Statenvertaling

1 Kronieken 2:7-20 Statenvertaling (SV1750)

7. En de kinderen van Charmi waren Achan, de beroerder van Israel, die zich aan het verbannene vergreep.

8. De kinderen van Ethan nu waren Azaria.

9. En de kinderen van Hezron, die hem geboren zijn, waren Jerahmeel, en Ram, en Chelubai.
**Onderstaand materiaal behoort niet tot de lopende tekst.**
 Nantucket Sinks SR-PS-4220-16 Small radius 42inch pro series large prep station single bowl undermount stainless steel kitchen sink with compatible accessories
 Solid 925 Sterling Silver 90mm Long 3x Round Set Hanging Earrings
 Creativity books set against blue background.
10. Ram nu gewon Amminadab, en Amminadab gewon Nahesson, den vorst der kinderen van Juda;

11. En Nahesson gewon Salma, en Salma gewon Boaz,

12. En Boaz gewon Obed, en Obed gewon Isai,

13. En Isai gewon Eliab, zijn eerstgeborene, en Abinadab, den tweede, en Simea, den derde,

14. Nethaneel, den vierde, Raddai, den vijfde,

15. Ozem, den zesde, David, den zevende.

16. En hun zusters waren Zeruja en Abigail. De kinderen nu van Zeruja waren Abisai, en Joab, en Asa-el; drie.

17. En Abigail baarde Amasa; en de vader van Amasa was Jether, een Ismaeliet.
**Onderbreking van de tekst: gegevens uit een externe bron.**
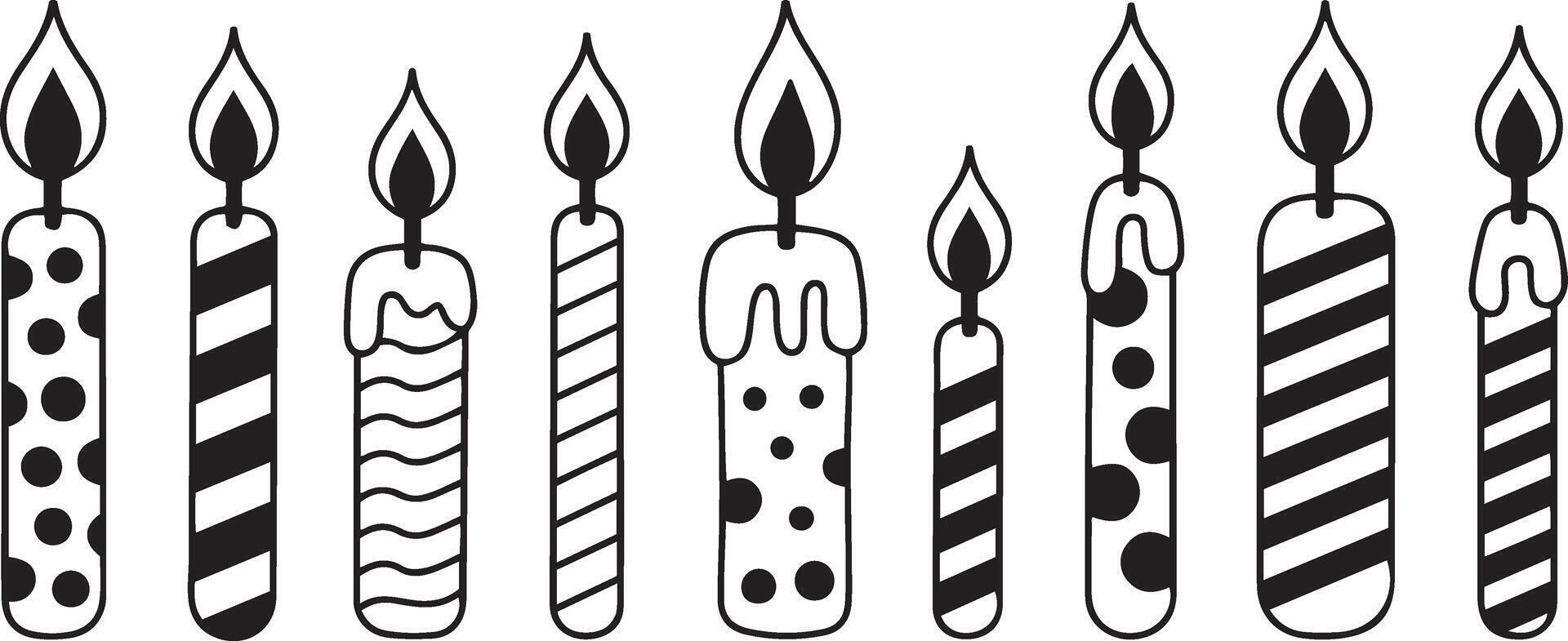 Set of Simple line art of a decorated birthday candles vector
18. Kaleb nu, de zoon van Hezron, gewon kinderen uit Azuba, zijn vrouw, en uit Jerioth. En de zonen van deze zijn: Jeser, en Sobab, en Ardon.

19. Als nu Azuba gestorven was, zo nam zich Kaleb Efrath, die baarde hem Hur.

20. En Hur gewon Uri, en Uri gewon Bezaleel.